(Phrase grounding data)

-- Opening Marker --

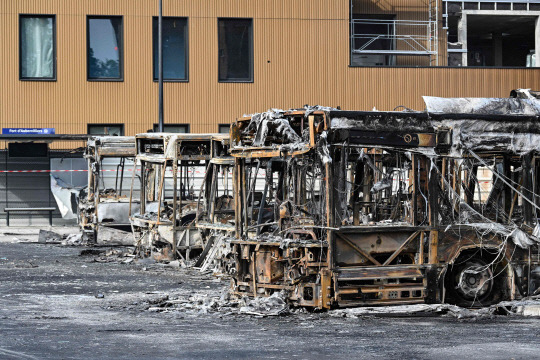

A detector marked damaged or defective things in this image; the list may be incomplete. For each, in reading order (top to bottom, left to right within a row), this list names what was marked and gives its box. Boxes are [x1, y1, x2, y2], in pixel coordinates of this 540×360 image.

burned bus [78, 136, 137, 245]
fire damage [78, 136, 137, 245]
destroyed vehicle [78, 136, 138, 245]
destroyed vehicle [130, 132, 232, 262]
burned bus [131, 132, 232, 262]
fire damage [226, 93, 540, 310]
burned bus [227, 97, 540, 306]
destroyed vehicle [230, 98, 540, 310]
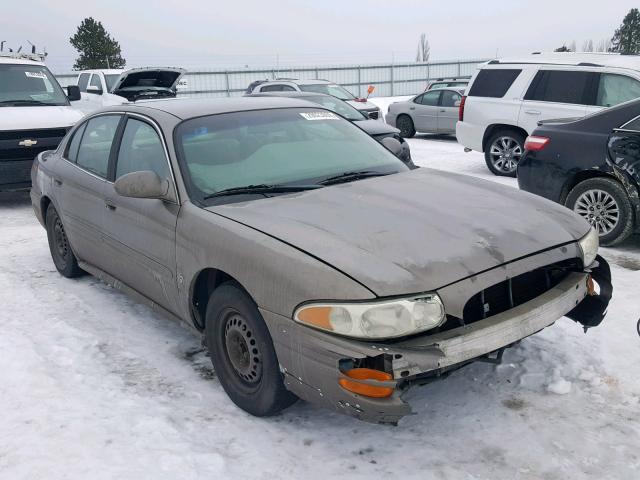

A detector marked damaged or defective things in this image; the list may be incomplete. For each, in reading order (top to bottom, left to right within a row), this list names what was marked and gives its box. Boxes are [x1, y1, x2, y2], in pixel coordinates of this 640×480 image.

exposed headlight housing [294, 294, 444, 340]
damaged front bumper [262, 255, 612, 424]
broken bumper cover [262, 262, 612, 424]
exposed headlight housing [576, 228, 596, 268]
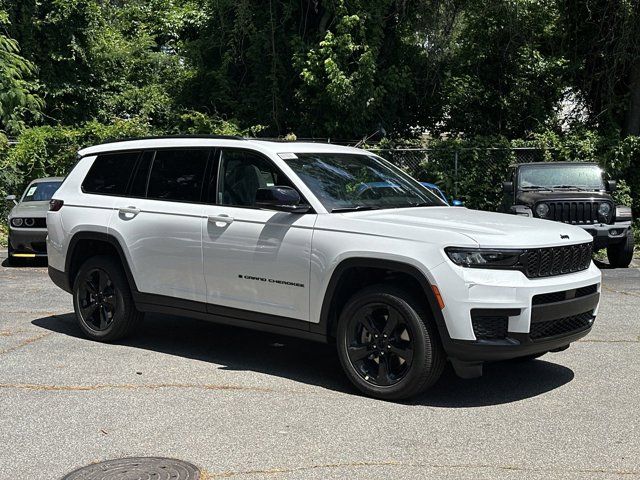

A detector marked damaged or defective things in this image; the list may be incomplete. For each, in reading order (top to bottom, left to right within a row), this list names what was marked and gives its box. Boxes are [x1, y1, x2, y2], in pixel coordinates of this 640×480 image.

pavement crack [0, 330, 51, 356]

-- Closing Marker --

** What to do **
Please return every record above exactly, but leave out the pictures.

** Worked solution **
A detector marked damaged or defective things in this image; the list may be incomplete. For each, in reading order (top to bottom, left to right within a row), this list names what was marked and gives its box. Boxes are [x1, y1, x2, y2], in pixel coordinates of this 540×360 image.

burned bus [78, 136, 137, 245]
fire damage [78, 136, 137, 245]
destroyed vehicle [78, 136, 138, 245]
destroyed vehicle [130, 132, 232, 262]
burned bus [131, 132, 232, 262]
fire damage [226, 93, 540, 310]
burned bus [227, 97, 540, 306]
destroyed vehicle [230, 98, 540, 310]

A detector marked damaged or defective things in this image; the list may be incomplete. For each, in reading order (top to bottom, left to right within a row), this list names what was marked and gives its box. Boxes are [x1, y1, x2, y2], in pixel coordinates of this 640×480 image.

exposed headlight housing [294, 294, 444, 340]
damaged front bumper [262, 255, 612, 424]
broken bumper cover [262, 262, 612, 424]
exposed headlight housing [576, 228, 596, 268]

A detector marked damaged or defective things in this image; the list may be incomplete. For each, in reading order (top to bottom, left to right within a row), this list names what was marked and gives its box. Boxes are [x1, y1, x2, y2], in pixel coordinates of this 640×480 image.

pavement crack [0, 330, 51, 356]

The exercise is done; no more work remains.